PROBLEM:
In the material below, write out each line word for word and omit the pictures.

RECORDS SUPPLIED:

↓↓↓

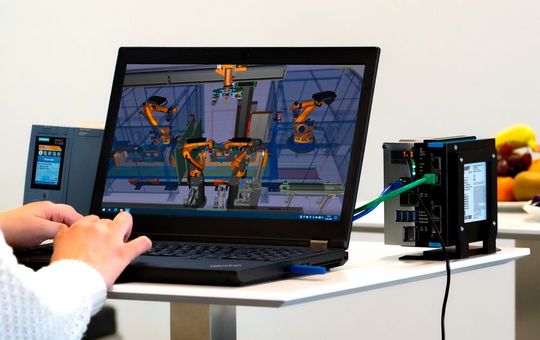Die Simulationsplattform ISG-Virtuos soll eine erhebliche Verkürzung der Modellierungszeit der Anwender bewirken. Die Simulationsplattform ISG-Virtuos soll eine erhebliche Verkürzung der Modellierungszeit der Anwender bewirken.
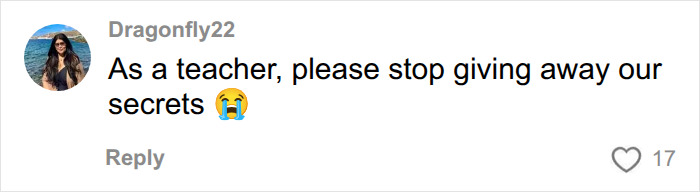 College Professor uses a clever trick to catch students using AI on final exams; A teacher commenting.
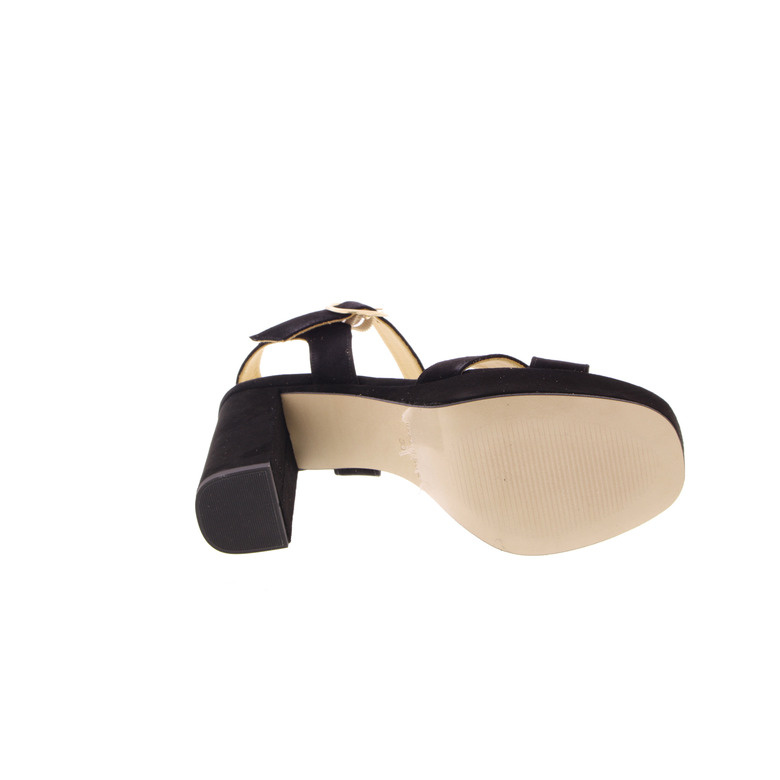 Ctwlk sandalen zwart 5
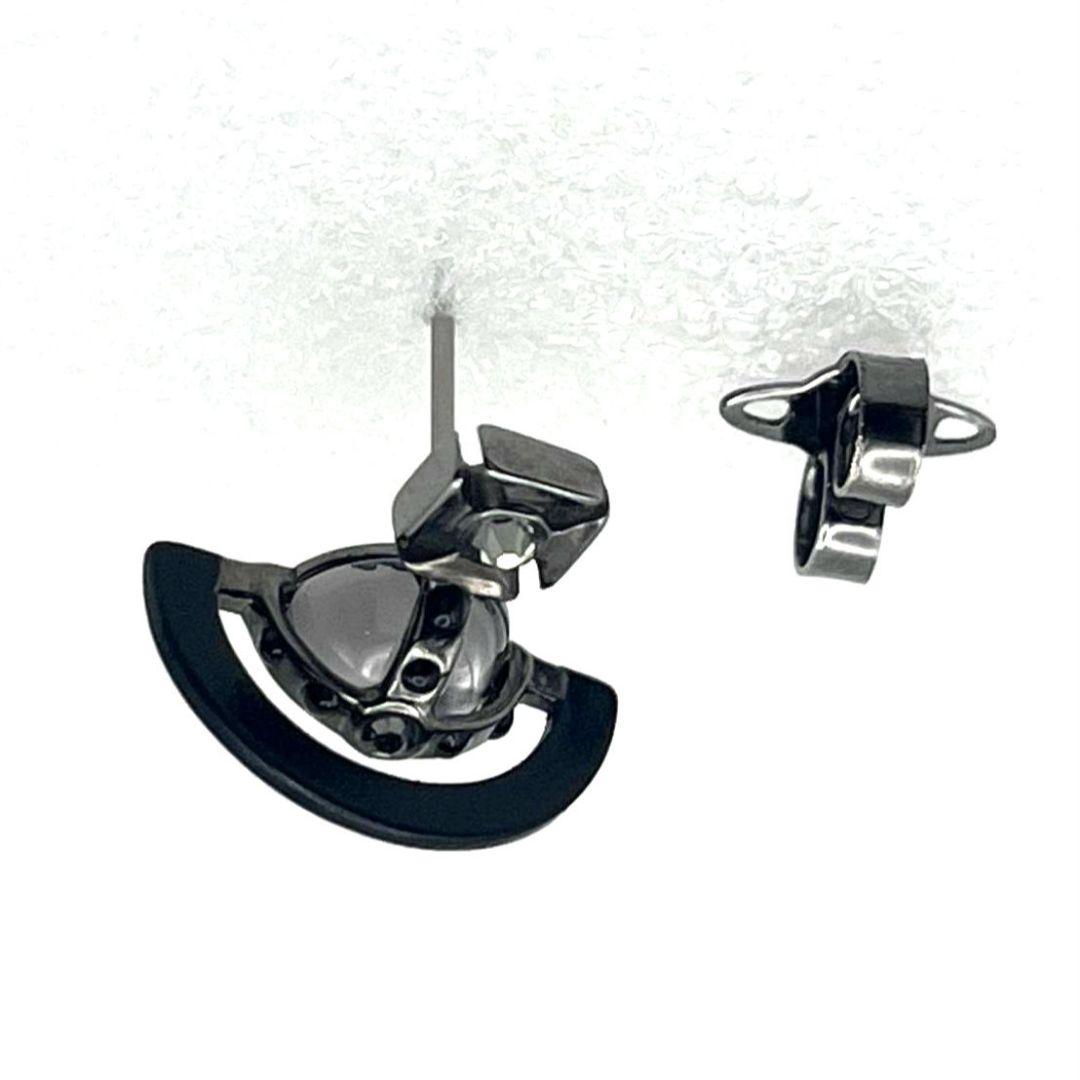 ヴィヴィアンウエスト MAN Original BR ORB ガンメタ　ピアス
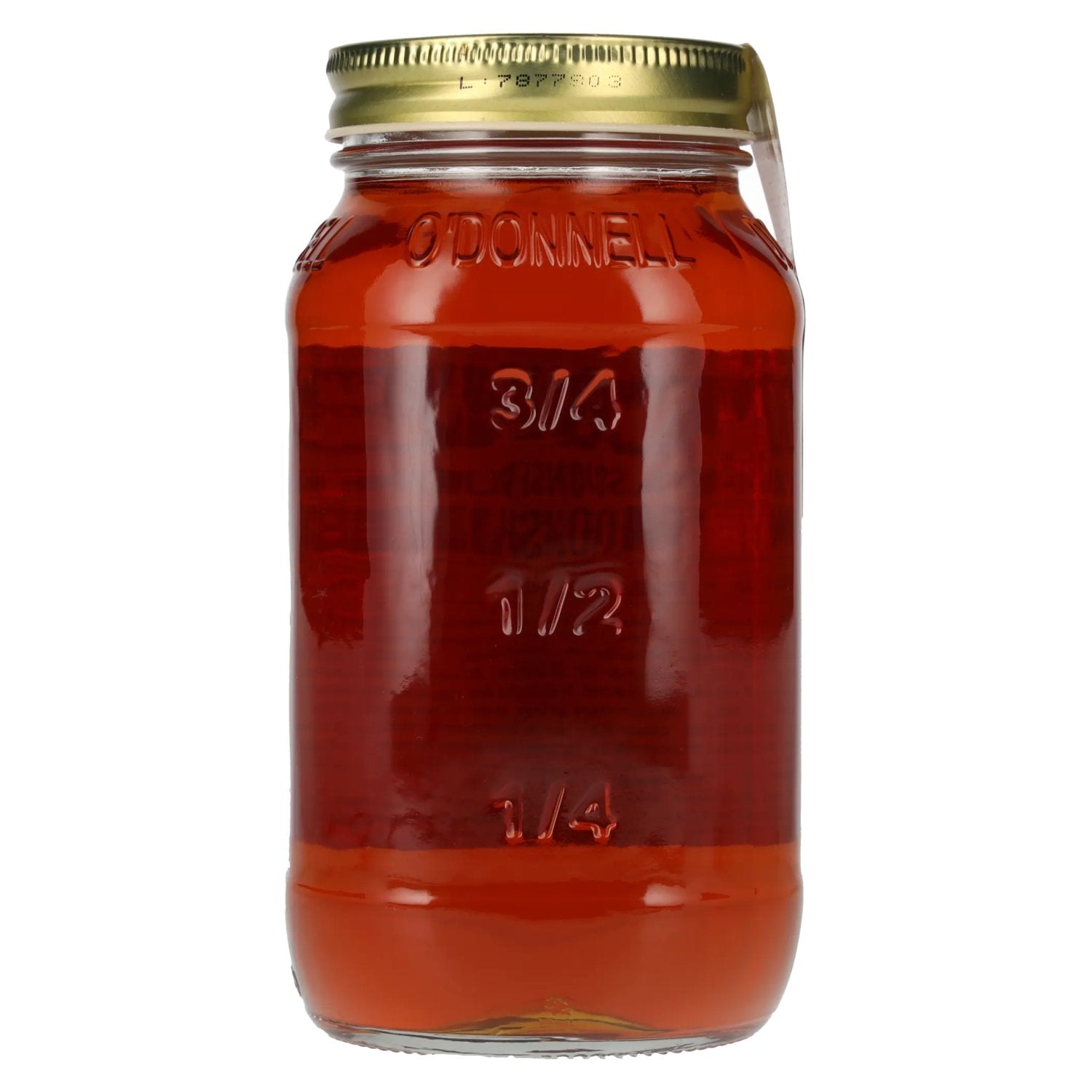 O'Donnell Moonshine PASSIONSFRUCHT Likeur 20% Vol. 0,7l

↑↑↑

OUTPUT OF THE EXERCISE:
Die Simulationsplattform ISG-Virtuos soll eine erhebliche Verkürzung der Modellierungszeit der Anwender bewirken. Die Simulationsplattform ISG-Virtuos soll eine erhebliche Verkürzung der Modellierungszeit der Anwender bewirken.
 College Professor uses a clever trick to catch students using AI on final exams; A teacher commenting.
 Ctwlk sandalen zwart 5
 ヴィヴィアンウエスト MAN Original BR ORB ガンメタ　ピアス
 O'Donnell Moonshine PASSIONSFRUCHT Likeur 20% Vol. 0,7l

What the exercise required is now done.